Kedalaman penderitaan multi dimensi ini membantu kita semakin mendalami penderitaan yang Yesus alami demi menyelamatkan kita. Berbeda dengan Daud, Yesus tidak pernah menderita akibat dosa atau kesalahan-Nya. Tetapi justru dalam kemurnian dan keagungan karakter-Nya tidak ada Orang lain yang pernah lebih menderita akibat dosa atau kesalahan orang lain selain Yesus. Ia merelakan diri-Nya dalam keadaan tidak tertolong dan sama sekali ditinggalkan sendirian oleh Allah Bapa-Nya. Ia merelakan doa-Nya minta kelepasan tidak terjawab dan malah Ia dilepaskan untuk ditelanjangi, disiksa, dan disalibkan sampai mati. Pada akhirnya hanya Yesuslah yang betul-betul bisa mendoakan kalimat penutup Mazmur ini:

Orang-orang yang memusuhi aku besar jumlahnya, banyaklah orang-orang yang membenci aku tanpa sebab; mereka membalas yang jahat kepadaku ganti yang baik, mereka memusuhi aku, karena aku mengejar yang baik. Jangan tinggalkan aku, ya TUHAN, Allahku, janganlah jauh dari padaku! Segeralah menolong aku, ya Tuhan, keselamatanku! (Mzm 38:19-22)

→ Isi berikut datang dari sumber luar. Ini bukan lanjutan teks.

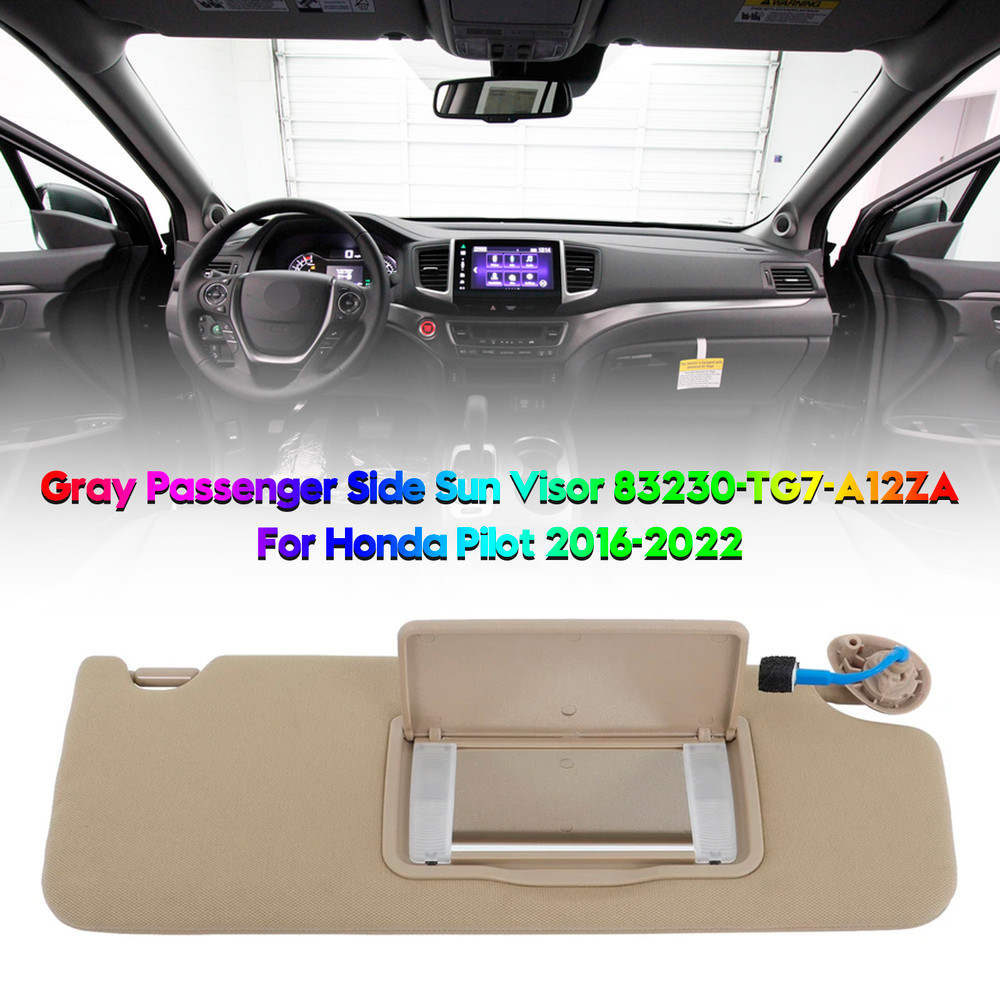 2017-2023 HONDA Ridgeline Gray Right Side Sun Visor 83280-TG7-A12ZA Generic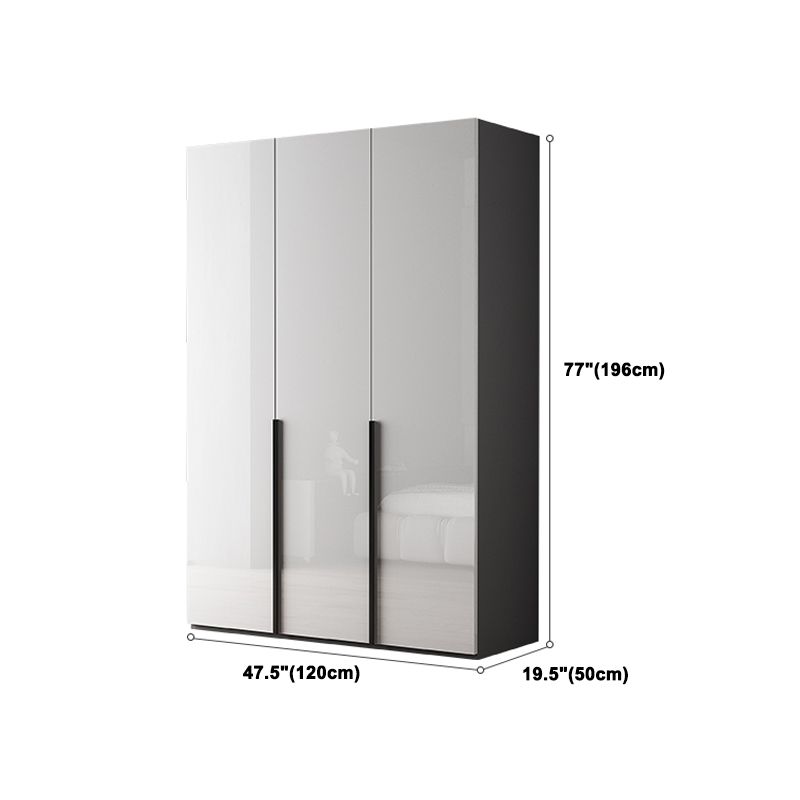 Modern Wardrobe Armoire Engineered Wood Wardrobe Cabinet with Drawer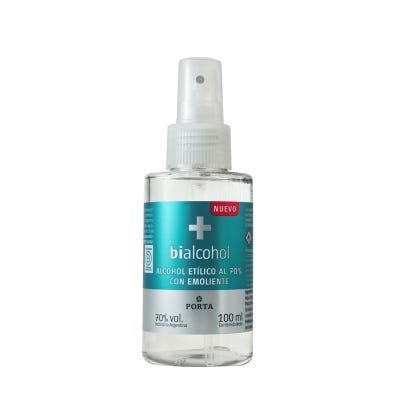 Alcohol Bialcohol Etilico 70% C/Emoliente Spray x100ml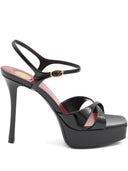 Saint Laurent Debbie Patent Leather Sandals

Harapan kita tidak hanya terletak pada sisi penderitaan dimana Yesus mati di salib, tetapi juga di sisi kemenangan dimana Yesus bangkit dari antara orang mati. Begitu Ia keluar dari kubur-Nya pada hari ketiga, di situlah kita baru sadar: doa-Nya ternyata dijawab oleh Bapa-Nya! Penderitaan multi dimensi yang Yesus lalui, memberikan kita keselamatan multi dimensi untuk kita nikmati. Artinya betapa kacau, bervariasi, membingungkannya penderitaan kita hari ini atau besok, setiap kita yang percaya kepada Yesus bisa yakin bahwa Allah Bapa kita tidak akan meninggalkan kita, tidak akan berdiri jauh-jauh dari kita, dan akan menyelamatkan kita.

DOA
Allah Bapa, di tengah penderitaan kami yang begitu rumit dan kompleks, termasuk yang terjadi akibat dosa, kebodohan, dan kekerasan hati kami, kami mengakui kadang tidak ada yang dapat kami lakukan selain memohon belas kasihan dan pertolongan-Mu. Kami seringkali merasa begitu kewalahan mengurai apalagi menyelesaikan begitu banyaknya persoalan hidup kami. Kami merasa terbuai dan tenggelam oleh kemarahan, kekuatiran, rasa bersalah, dan bahkan rasa malu, semua yang sulit kami jelaskan dan ungkapkan, kecuali hanya kepada-Mu.

Bapa, ya kami mengakui dosa dan kesalahan kami. Kami mengakui ketidakberdayaan kami. Kami mengakui betapa lemah, terbatas, serta rentannya kami, baik secara fisik, mental, rohani, dan dalam banyak hal. Kami hari ini mau kembali menyerahkan hidup kami kepada-Mu.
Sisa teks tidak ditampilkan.